The President has proposed a new requirement that the U.S. produce 80 percent of its electricity from “clean” sources by 2035.  Given the struggling economy and need to cut federal spending, Chairman Ralph Hall (R-TX) criticized the President’s “double-down” on his energy and climate agenda and questioned the costs and benefits of the proposed clean energy standard (CES).

“While I want to better understand how the Administration intends to reach this goal, and while I strongly support an ‘all-of-the-above’ approach to energy security, I’m concerned that this plan entails spending we can’t afford and taxes and regulations that would raise the cost of energy and harm our economy,” Hall said.  “The merits of this proposal seem weakened further by the fact that, even if such a transition to ‘clean’ electricity were successful, its benefits in terms of the effect it could have on climate change appears negligible.”  

When Chairman Hall asked Secretary Chu about the cost of the proposed CES, Chu conceded that he doesn’t know how much it will cost in terms of taxpayer spending as well as higher electricity prices for consumers. Following up, Hall asked what the affect on the climate would be if the President’s goal were achieved.  Chu mentioned the CES proposal could reduce greenhouse gas emissions, but would not assert whether it would have a noticeable impact on climate change efforts.  

Chairman Hall also raised concerns regarding misplaced research and development (R&D) policy priorities.  The President proposes zeroing out the Natural Gas and Unconventional Fossil Energy Technologies programs, while energy efficiency and renewable energy (EERE) R&D programs would receive a 44 percent increase above current levels.  This increase is in addition to over $16 billion in Stimulus funding.

“The fossil fuels that drive our economy and meet over 80 percent of our energy needs continue to be penalized,” Hall noted.

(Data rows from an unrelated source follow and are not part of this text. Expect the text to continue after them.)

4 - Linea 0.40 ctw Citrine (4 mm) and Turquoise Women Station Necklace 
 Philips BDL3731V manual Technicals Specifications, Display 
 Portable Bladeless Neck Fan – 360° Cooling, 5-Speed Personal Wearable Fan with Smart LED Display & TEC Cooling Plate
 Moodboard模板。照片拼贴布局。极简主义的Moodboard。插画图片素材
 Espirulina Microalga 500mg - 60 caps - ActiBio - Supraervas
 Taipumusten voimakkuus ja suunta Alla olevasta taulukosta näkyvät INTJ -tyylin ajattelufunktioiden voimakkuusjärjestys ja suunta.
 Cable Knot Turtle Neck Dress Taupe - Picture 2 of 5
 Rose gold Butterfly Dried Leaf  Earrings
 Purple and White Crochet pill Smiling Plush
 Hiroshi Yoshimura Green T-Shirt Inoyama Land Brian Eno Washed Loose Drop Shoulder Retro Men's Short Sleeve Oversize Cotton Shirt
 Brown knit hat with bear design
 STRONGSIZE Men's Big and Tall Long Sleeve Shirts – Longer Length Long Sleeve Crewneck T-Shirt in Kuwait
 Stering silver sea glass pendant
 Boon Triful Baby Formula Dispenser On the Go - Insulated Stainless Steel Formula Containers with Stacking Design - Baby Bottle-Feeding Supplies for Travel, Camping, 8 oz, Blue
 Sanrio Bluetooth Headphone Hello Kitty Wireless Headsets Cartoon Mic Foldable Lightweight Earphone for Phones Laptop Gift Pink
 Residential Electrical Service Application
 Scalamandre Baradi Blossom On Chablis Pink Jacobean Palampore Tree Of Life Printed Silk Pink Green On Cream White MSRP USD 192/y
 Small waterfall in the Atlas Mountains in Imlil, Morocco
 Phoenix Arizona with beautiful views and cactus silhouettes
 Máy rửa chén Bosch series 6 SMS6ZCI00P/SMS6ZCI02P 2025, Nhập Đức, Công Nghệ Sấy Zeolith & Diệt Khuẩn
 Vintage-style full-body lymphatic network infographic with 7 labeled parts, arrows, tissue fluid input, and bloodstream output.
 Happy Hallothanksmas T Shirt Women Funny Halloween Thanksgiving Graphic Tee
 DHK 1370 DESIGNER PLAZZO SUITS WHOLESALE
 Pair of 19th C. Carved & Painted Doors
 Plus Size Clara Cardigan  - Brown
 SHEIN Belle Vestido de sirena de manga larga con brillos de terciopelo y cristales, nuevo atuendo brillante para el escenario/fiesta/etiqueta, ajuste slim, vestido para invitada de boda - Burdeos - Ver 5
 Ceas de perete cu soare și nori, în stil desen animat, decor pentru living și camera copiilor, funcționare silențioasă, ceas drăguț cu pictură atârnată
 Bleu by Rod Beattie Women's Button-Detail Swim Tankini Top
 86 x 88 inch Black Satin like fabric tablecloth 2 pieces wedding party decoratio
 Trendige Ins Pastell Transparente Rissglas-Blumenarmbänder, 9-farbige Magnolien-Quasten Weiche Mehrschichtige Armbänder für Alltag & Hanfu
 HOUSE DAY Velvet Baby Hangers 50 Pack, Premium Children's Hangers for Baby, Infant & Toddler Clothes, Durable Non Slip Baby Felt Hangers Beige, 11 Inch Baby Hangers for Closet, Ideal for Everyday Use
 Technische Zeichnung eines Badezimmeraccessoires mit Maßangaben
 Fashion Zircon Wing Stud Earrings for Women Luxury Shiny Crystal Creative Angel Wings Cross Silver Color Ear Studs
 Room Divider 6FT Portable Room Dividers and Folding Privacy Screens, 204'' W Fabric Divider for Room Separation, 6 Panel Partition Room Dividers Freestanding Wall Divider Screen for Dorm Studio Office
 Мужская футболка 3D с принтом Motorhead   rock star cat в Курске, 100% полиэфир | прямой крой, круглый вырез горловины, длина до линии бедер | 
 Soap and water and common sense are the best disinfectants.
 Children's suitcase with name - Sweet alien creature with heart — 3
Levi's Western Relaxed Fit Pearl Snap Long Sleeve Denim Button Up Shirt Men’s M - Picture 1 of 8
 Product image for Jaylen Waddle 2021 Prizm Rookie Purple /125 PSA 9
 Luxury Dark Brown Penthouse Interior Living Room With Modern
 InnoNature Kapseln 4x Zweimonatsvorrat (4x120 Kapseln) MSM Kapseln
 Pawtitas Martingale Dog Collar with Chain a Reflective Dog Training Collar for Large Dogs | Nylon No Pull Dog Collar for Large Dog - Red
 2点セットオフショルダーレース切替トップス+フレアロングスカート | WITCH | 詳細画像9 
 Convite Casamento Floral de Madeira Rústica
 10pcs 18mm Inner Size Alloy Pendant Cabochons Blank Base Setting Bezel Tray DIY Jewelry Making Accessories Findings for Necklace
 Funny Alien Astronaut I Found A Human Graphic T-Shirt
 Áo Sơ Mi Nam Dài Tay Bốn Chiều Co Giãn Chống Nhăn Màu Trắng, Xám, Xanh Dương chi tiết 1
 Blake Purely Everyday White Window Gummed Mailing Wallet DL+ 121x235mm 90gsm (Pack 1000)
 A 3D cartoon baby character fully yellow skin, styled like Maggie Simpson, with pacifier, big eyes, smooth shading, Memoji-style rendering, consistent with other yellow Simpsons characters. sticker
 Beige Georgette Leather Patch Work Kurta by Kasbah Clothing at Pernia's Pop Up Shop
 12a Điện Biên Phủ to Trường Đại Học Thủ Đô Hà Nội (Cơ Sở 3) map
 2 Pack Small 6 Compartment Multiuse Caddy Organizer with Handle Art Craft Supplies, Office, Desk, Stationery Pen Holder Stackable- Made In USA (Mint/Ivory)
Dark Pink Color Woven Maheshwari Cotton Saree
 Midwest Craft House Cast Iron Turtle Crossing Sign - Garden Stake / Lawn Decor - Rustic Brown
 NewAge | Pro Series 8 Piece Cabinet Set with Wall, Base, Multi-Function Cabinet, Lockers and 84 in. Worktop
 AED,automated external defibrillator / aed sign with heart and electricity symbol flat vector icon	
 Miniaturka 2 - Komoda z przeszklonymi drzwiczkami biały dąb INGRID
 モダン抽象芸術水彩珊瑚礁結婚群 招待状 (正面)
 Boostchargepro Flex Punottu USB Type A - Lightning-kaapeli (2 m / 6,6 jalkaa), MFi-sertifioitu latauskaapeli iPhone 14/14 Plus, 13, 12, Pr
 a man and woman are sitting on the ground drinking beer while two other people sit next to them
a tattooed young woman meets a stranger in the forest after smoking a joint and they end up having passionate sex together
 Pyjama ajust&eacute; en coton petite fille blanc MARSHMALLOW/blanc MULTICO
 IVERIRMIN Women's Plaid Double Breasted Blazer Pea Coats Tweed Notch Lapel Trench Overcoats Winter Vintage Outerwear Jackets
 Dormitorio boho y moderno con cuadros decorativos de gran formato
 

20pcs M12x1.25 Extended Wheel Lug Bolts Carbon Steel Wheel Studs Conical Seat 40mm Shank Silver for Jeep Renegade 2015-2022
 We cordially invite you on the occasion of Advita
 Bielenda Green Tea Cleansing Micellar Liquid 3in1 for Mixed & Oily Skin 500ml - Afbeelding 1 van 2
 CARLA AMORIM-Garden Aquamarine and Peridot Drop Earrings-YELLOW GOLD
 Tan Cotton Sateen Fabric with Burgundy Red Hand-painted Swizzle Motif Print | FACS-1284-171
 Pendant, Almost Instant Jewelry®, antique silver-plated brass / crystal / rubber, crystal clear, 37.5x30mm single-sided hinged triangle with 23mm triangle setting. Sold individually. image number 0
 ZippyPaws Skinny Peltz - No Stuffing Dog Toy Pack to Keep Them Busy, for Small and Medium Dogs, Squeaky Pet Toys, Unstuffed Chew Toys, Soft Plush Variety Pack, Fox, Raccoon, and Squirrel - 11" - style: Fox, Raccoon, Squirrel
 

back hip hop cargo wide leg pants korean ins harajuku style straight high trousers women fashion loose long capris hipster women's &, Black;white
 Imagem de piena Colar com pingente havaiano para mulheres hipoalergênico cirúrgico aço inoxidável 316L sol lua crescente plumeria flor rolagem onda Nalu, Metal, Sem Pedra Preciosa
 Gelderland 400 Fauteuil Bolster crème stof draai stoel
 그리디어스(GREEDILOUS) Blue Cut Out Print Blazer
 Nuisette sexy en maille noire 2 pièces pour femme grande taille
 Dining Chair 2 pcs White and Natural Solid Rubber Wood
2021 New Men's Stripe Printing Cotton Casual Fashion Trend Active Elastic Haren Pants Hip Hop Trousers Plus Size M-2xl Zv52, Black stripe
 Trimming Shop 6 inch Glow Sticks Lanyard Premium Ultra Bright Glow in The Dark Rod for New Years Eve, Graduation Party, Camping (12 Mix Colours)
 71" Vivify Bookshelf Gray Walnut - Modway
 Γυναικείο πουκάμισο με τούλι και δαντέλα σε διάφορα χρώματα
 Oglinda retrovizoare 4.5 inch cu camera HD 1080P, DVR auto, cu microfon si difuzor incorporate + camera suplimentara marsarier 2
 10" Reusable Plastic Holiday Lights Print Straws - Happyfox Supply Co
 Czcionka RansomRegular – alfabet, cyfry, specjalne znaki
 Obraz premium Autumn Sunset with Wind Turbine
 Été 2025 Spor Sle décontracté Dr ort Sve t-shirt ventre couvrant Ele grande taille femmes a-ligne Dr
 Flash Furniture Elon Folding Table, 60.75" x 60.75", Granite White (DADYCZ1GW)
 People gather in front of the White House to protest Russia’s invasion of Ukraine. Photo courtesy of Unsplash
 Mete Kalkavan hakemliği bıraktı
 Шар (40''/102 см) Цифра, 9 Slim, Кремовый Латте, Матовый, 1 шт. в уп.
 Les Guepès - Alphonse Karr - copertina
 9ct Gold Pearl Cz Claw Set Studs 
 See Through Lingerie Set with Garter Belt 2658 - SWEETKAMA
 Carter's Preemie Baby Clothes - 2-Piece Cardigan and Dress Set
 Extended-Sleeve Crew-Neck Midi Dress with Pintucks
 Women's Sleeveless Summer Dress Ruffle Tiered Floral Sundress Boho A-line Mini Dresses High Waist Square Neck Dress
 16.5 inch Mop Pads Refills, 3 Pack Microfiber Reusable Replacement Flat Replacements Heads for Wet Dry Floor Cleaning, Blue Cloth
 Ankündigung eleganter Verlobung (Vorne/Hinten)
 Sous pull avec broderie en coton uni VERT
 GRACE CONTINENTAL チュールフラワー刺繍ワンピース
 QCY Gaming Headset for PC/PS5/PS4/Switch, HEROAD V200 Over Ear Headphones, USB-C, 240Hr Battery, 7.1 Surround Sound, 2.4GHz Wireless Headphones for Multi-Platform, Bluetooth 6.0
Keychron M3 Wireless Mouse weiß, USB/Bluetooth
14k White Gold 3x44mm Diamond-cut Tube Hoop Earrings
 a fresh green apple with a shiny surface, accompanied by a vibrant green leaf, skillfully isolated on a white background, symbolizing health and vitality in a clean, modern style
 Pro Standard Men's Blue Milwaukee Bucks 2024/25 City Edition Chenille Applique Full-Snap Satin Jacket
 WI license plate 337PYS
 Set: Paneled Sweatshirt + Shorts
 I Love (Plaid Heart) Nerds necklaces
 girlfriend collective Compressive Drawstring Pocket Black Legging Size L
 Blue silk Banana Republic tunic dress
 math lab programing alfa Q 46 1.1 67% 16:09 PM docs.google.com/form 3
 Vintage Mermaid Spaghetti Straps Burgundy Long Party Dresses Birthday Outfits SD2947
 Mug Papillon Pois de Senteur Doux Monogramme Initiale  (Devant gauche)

Republicans also criticized the use of DOE taxpayer dollars in funding an advertising campaign that incorporates the Disney character, “Tinkerbell,” encouraging children to tell their parents to take energy-saving steps such as increasing use of energy-efficient appliances. In response to questioning, Chu stated he did not have any empirical evidence that such advertising efforts impact energy usage

While there were considerable differences of opinion represented today, a few areas of bipartisan agreement included: the need to get more nuclear power plants online in the U.S., a need for nuclear energy R&D to develop and manufacture small modular reactors, and a need to pursue clean coal technologies.